A continuación se construía una pequeña pared a modo de repisa sobre la que se iban colocando las piedras calizas que previamente se habían acarreado hasta allí con las caballerías. Poco a poco, piedra a piedra, hilera a hilera, se levantaban las paredes formando una falsa bóveda interior cuya seguridad no estaba garantizada hasta el cierre total de la misma.
A partir de ese momento se iban colocando encima el resto de las piedras hasta obtener una cúpula con la altura deseada y respetando un hueco a modo de boca o puerta para los trabajos de carga y vaciado. Una vez preparada, era el momento de encenderla.
La base de la estructura, bajo la repisa sobre la que empezaba la colocación de las piedras, se denominaba cenicero, por ser la zona en la que se prendía fuego y se acumulaban las brasas y las cenizas generadas en el proceso.
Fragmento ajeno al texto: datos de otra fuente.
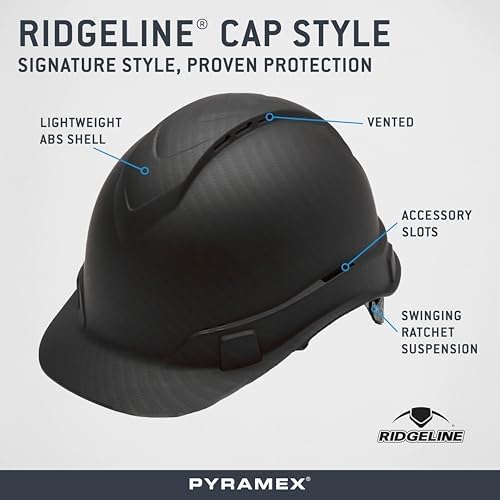 PYRAMEX Ridgeline Cap Style Hard Hat, Vented, 4-Point Ratchet Suspension, Black Graphite Pattern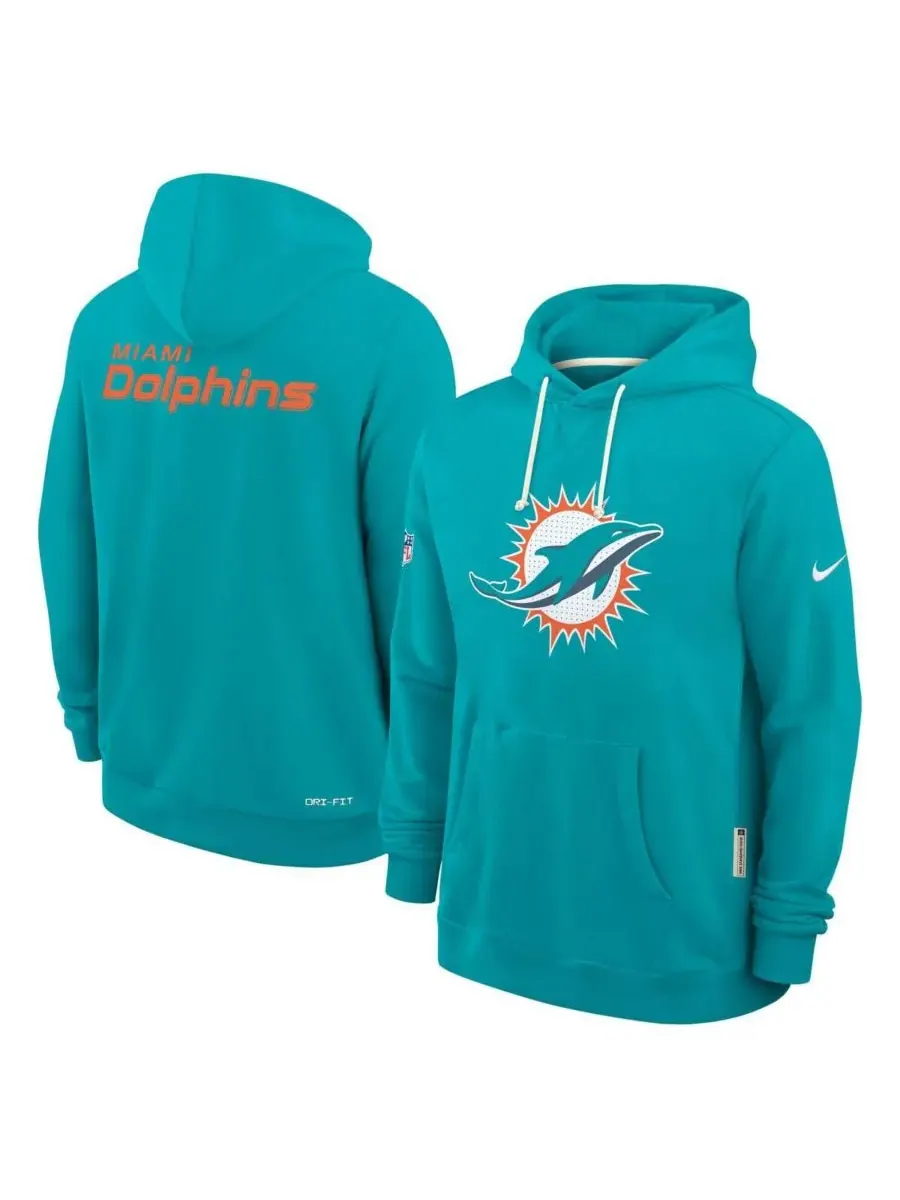 Мужская толстовка с капюшоном Aqua Miami Dolphins Sideline Initial Home Performance Nike — изображение 1 из 2, голубой
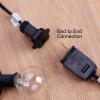 Lainin 10FT/3M Curtain Fairy String Light Male to Female Extension Cord US AC Power 2-Prong Power Extender Cable for Christmas Decoration Home Indoor String Lights (Max 432 watts) view 2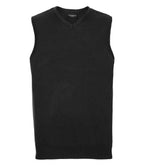 Russell Collection Sleeveless Cotton Acrylic V Neck Sweater | Black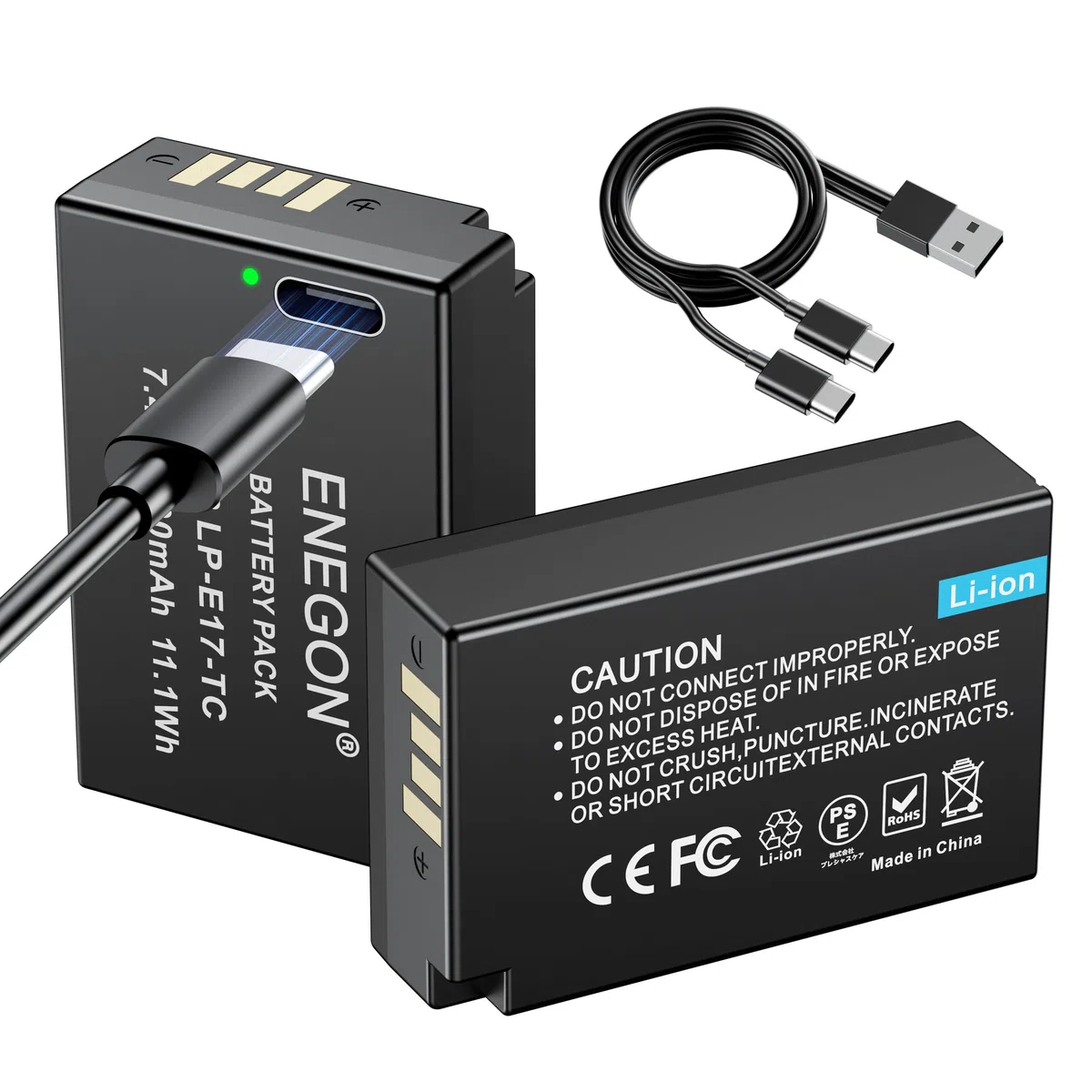 ENEGON LP-E17 Tipo C Puerto de Carga Batería para Carga para Canon EOS R10, R8, RP, R50, R100, 200D, 250D,77D, 750D, 760D, 8000D, M3, M5, M6, Rebel SL2, T6i, T6s, T7i
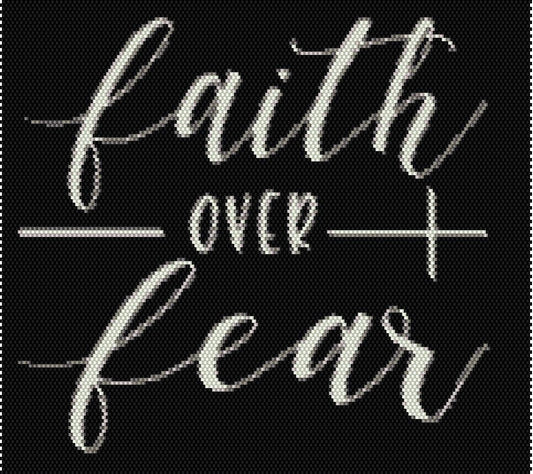 Bead Pattern, Brick stitch, Faith over Fear, Miyuki Delica, Instant Download, beaded tapestry, cross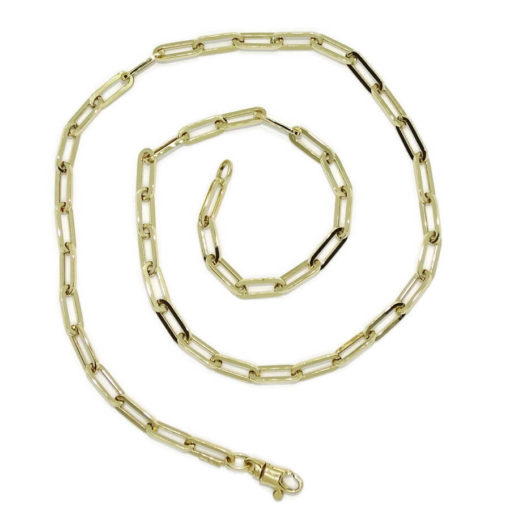 Collar de moda para mujer de Oro Amarillo de 18k de eslabón tipo forzado de 4.00 mm de ancho.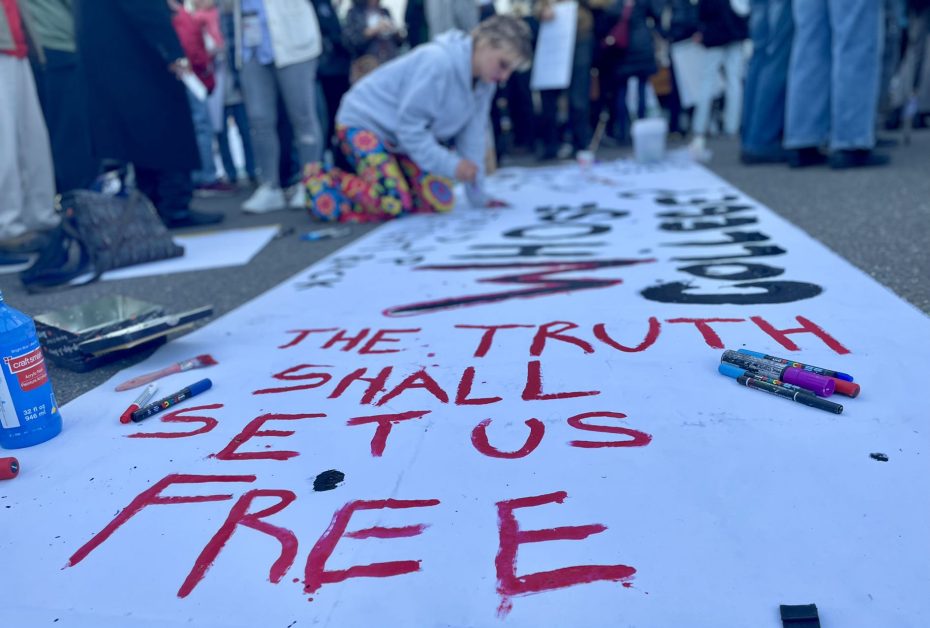 A City College of San Francisco banner emphasizing that the truth shall set us free.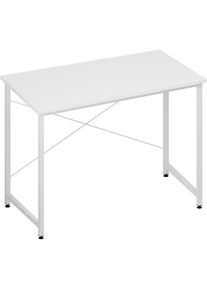 WOLTU Bureau de Travail, Table d'Ordinateur, Table Informatique en Bois Composé, 100x75x50cm, Blanc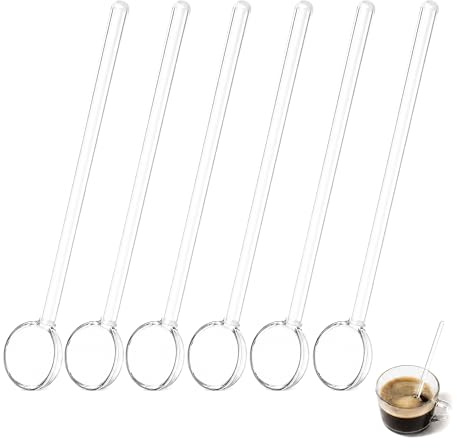 CALLARON 6 Stück Glaslöffel Mit Langen Griff Glas Teelöffel Kaffeerührlöffel Aus Klarem Glas Für Kaffee Tee Espresso Dessert Küche Und Themenpartys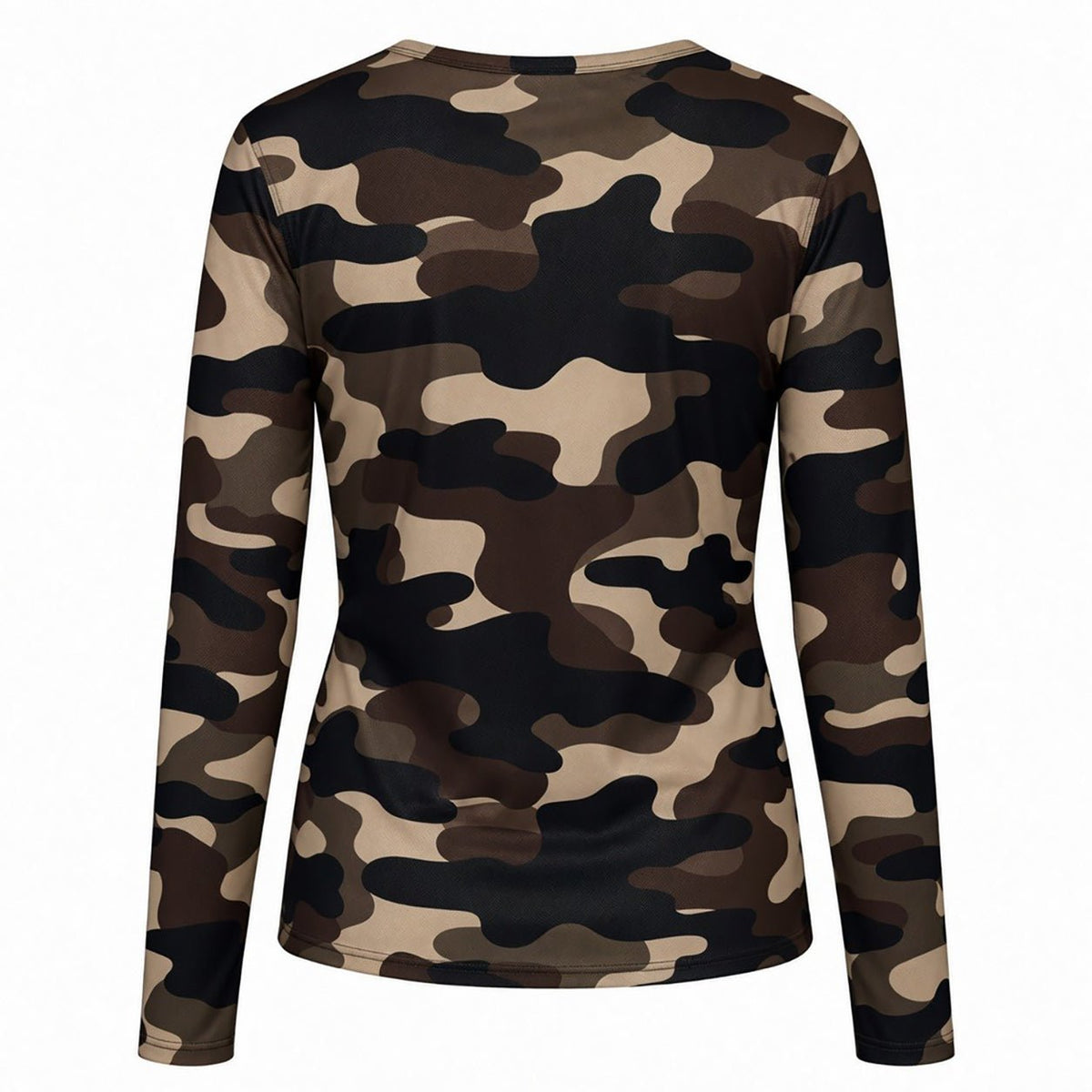 Bagside af en 156355 | Luxzuz – Camo Mesh Mørk langærmet bluse i militærstil i brun, sort og beige.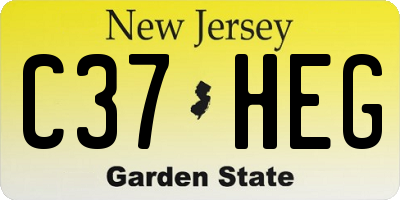 NJ license plate C37HEG
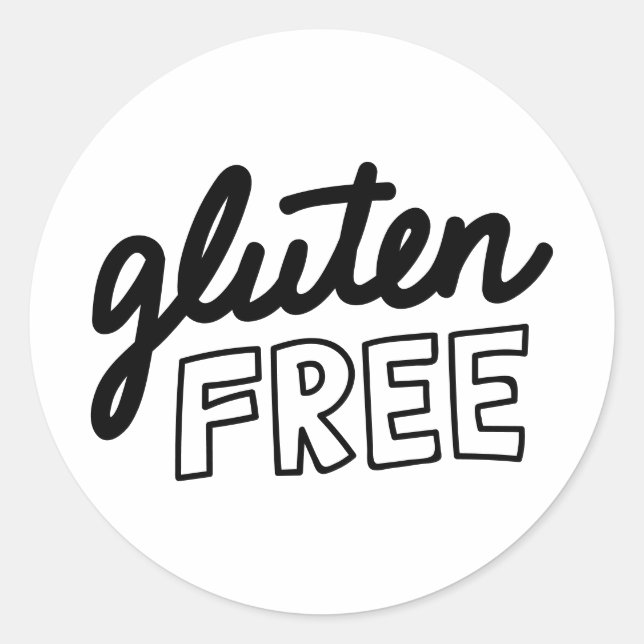 Adesivo Redondo Tipografia Gratuita Gluten (Frente)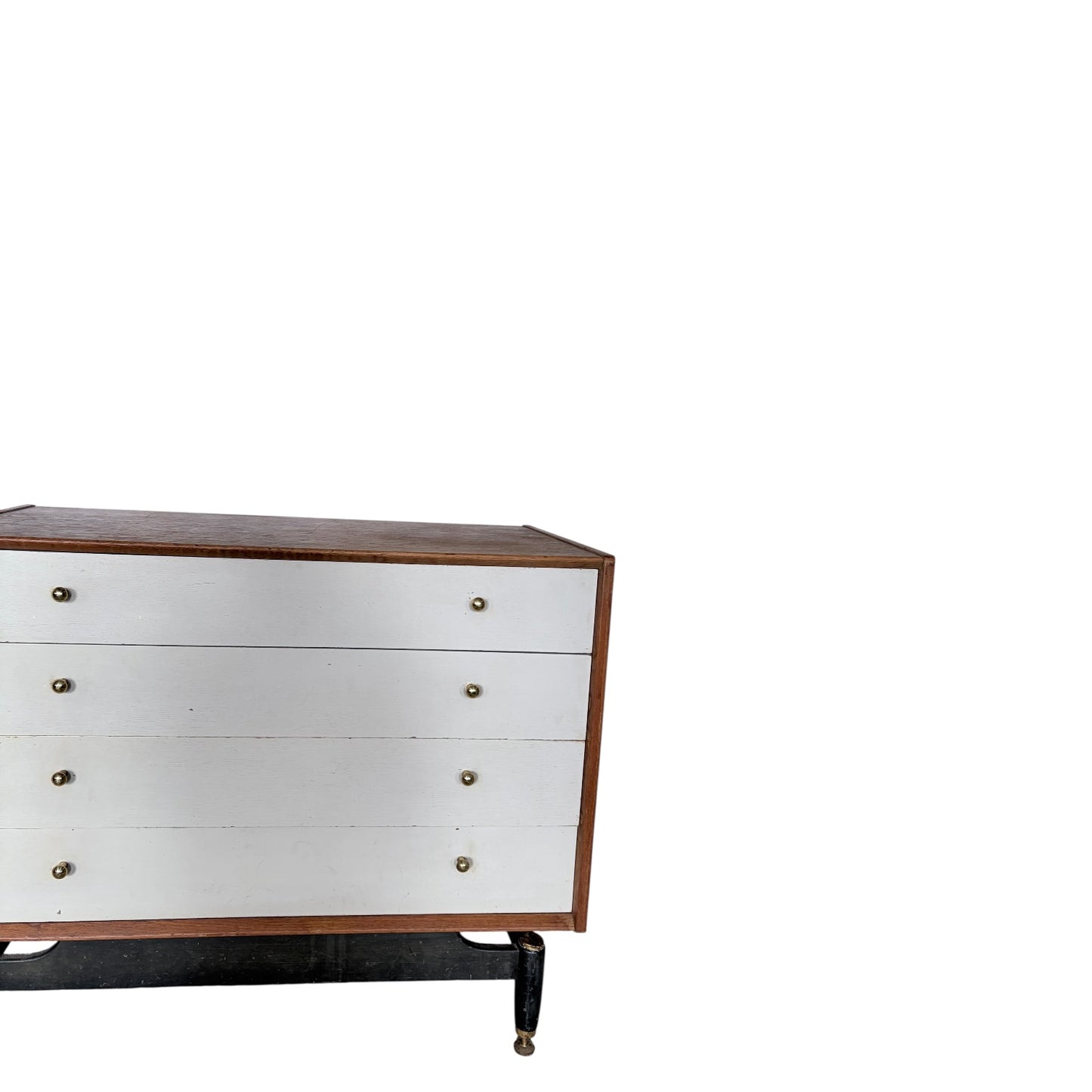 Mid Century E. Gomme Librenza Chest of Drawers – Teak & White with Brass Handles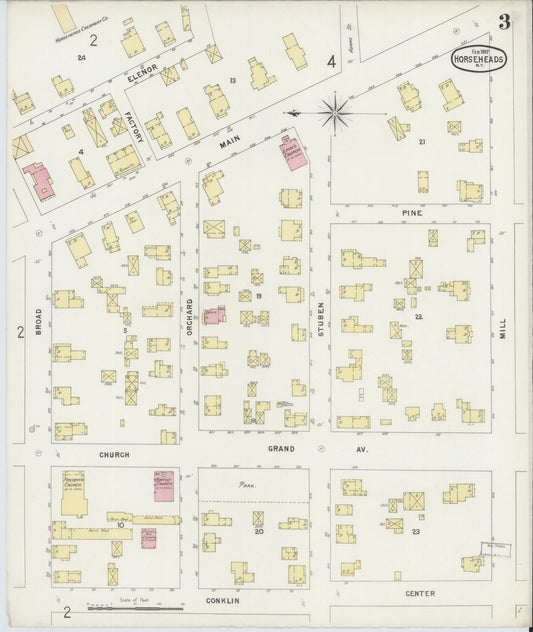 Sanborn Fire Insurance Map from Horseheads, Chemung County, New York (1897), Sheet #0003 - Historic Sanborn Fire Insurance Map Print, vintage old map wall art, antique decor, genealogy gift, New York New York map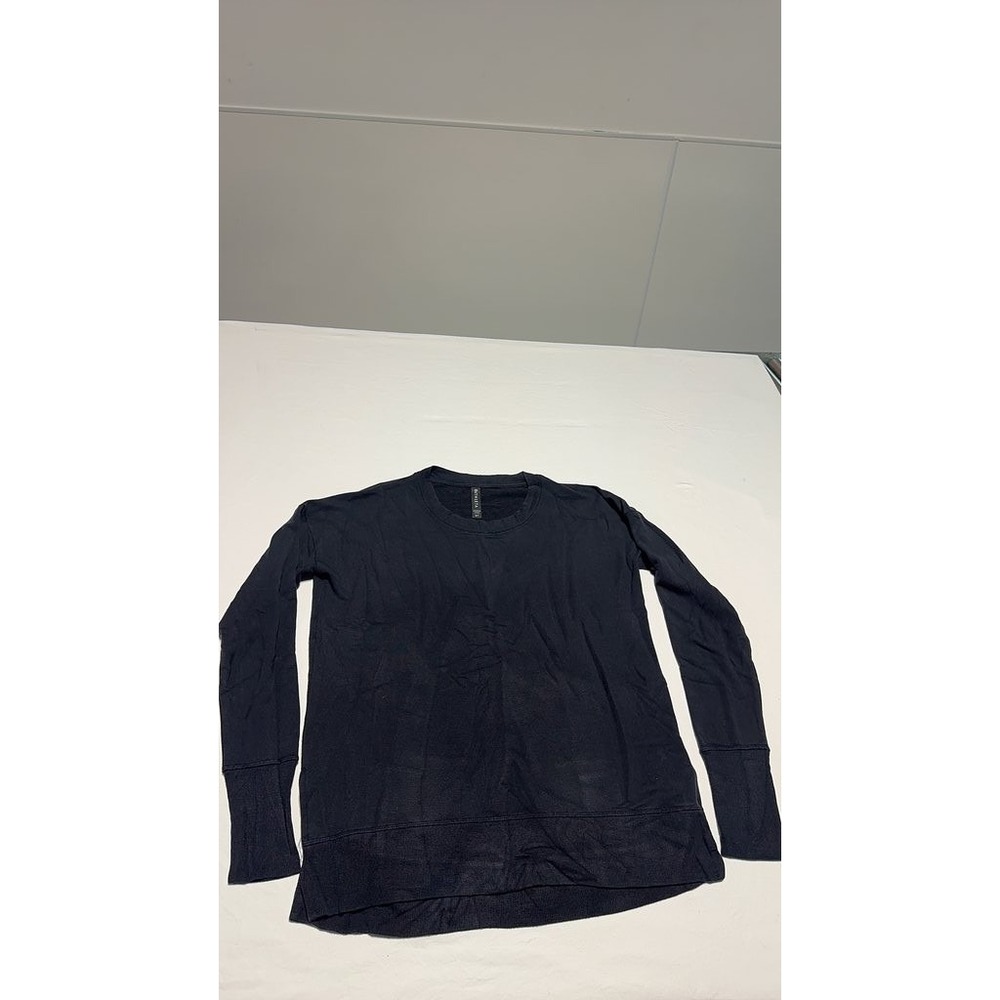Athleta Womens Navy Long Sleeve Sweater Cotton Casual Knit Top Size ST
El calero, a través de la boca del horno, cargaba el interior con manojos de ollagas, preferentemente, o de bojes y se le prendía fuego a primera hora de la mañana con el fin de disponer de todo el día para controlar el fuego y llevar la cocción de la piedra a su punto ideal. La acción continuada del fuego conseguía que las piedras calizas desprendiesen toda su humedad, a la vez que el anhídrido carbónico que despedían se convertía en óxido de cal, que es lo que llamamos “cal viva”.
Para ello se requería que el calero estuviera alimentando el fuego de la calera durante tres días, con sus respectivas noches, de forma ininterrumpida.
Cuando las piedras se ponían al rojo vivo, e incluso las llamas del fuego asomaban por el exterior de la cúpula, significaba que el horno había alcanzado ya la temperatura de 900 ó 1000 grados, siendo los ideales para la cocción.
El color blanco posterior de las piedras indicaba que el proceso de calcinación había culminado.
Llegado ese momento se cerraba la boca del horno con losas de piedra o tajas de tierra, así como cualquier respiradero, y se dejaba enfriar lentamente durante dos o tres días.
Finalizaba el proceso retirando todas y cada una de las piedras de la estructura, que muchas veces se venía abajo durante este periodo de enfriamiento.
Al introducir las piedras calcinadas en agua el contacto entre ambos elementos hace que la piedra caliza se desintegre formando una pasta o “cal apagada”.